Michigan SCOTUS experts react to Trump's nominee

By Thomas Franz
BridgeTower Media Newswires
 
When U.S. Supreme Court Justice Anthony M. Kennedy announced he would soon be retiring, it gave President Donald Trump an opportunity to solidify a conservative-leaning bench.

To accomplish that, he has nominated Judge Brett Kavanaugh of the U.S. Court of Appeals for the District of Columbia Circuit.

“Republicans have wanted a conservative court. Judge Kavanaugh is a conservative judge with his judicial philosophy, so with him on the Supreme Court, there will be a solid conservative majority,” said Robert Sedler, a constitutional law professor at Wayne State University Law School.

Before sitting on the D.C. Circuit bench, Kavanaugh was White House staff secretary for the George W. Bush administration.

Despite his conservative tendencies, Kavanaugh has said he has respect for precedent.

“Certainly, the Democrats want a justice who is going to follow precedent because many of the precedents have been in the liberal direction such as Roe v. Wade and marriage equality. The court very rarely overrules a precedent. It only does so when the precedent has been compromised by subsequent decisions,” Sedler said.

John Bursch of Bursch Law PLLC in Caledonia has argued before the U.S. Supreme Court more than 10 times. As it relates to Kavanaugh’s confirmability, Bursch said the nominated judge appears to get along well with everybody in his community, but is still considered right of center politically.

“He comes across as a genuine, humble person who really is committed to family and community,” Bursch said of Kavanaugh. “Kavanaugh is more of a compromise pick but undeniably conservative, and certainly more conservative than Justice Kennedy.

“Because Justice Kennedy was the swing vote in so many cases over the last seven or eight terms, any of those cases where Judge Kavanaugh is involved has a chance to move a little more to the right.”

On the issue of abortion, Bursch said it would be tough to tell how far to the right Kavanaugh would go if faced with that kind of case. He cited a recent case to come through the D.C. Circuit that involved the federal government’s refusal to give consent to an illegal minor immigrant to get an abortion.

“Judge Kavanaugh did dissent the majority decision which allowed the woman to go to the abortion clinic.

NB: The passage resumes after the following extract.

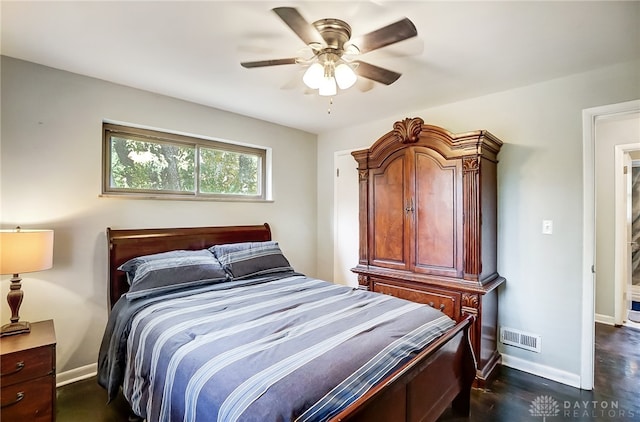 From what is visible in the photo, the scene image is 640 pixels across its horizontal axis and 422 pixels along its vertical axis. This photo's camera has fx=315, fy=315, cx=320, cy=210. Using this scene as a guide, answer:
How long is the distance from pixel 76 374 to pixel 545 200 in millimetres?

However, he declined to join another dissent that said the woman didn’t have a constitutional right. He didn’t go as far as some people would’ve expected,” Bursch said.

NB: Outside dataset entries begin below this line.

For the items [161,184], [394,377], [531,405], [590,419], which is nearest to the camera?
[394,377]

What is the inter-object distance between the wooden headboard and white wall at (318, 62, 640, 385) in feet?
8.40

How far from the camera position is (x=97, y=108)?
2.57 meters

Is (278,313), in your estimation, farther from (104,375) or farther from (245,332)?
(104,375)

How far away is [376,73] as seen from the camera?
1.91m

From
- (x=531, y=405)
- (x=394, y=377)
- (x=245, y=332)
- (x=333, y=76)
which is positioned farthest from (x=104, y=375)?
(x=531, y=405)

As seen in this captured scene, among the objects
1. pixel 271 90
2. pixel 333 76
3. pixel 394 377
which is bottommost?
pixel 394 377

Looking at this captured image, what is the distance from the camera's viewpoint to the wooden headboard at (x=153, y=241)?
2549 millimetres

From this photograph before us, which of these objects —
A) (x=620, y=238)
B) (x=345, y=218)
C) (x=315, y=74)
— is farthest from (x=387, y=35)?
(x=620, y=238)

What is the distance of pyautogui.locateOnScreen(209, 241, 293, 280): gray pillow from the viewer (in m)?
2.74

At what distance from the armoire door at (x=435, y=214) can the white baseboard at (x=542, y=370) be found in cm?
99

As for appealing to Democrats, Bursch and Sedler agreed that there’s not much Kavanaugh can say or do that would make him appeal to the left side of the aisle.

“I think it’s purely a political thing that Democrats are taking issue with this to appeal to their base, just as the Republicans are,” Sedler said.

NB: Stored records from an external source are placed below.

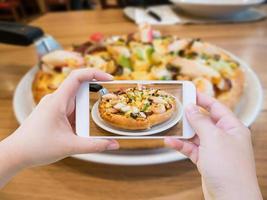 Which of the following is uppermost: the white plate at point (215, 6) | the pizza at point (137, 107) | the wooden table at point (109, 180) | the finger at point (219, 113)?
the white plate at point (215, 6)

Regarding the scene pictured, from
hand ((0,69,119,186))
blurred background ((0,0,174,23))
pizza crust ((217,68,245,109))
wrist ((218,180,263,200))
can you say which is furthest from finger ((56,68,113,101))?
blurred background ((0,0,174,23))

“I think the Democrats have already decided that any nominee Trump named that they were going to oppose across the board,” Bursch added. “I don’t think there’s anything Judge Kavanaugh can say to any of about 95 percent of the Democratic caucus to get them to vote in favor of him.”

After meeting with senators, Kavanaugh will face Senate Judiciary Committee hearings as part of his confirmation process. A floor vote to confirm Kavanaugh could take place later this summer to ensure that he would be sitting for the start of the court’s next term in early October.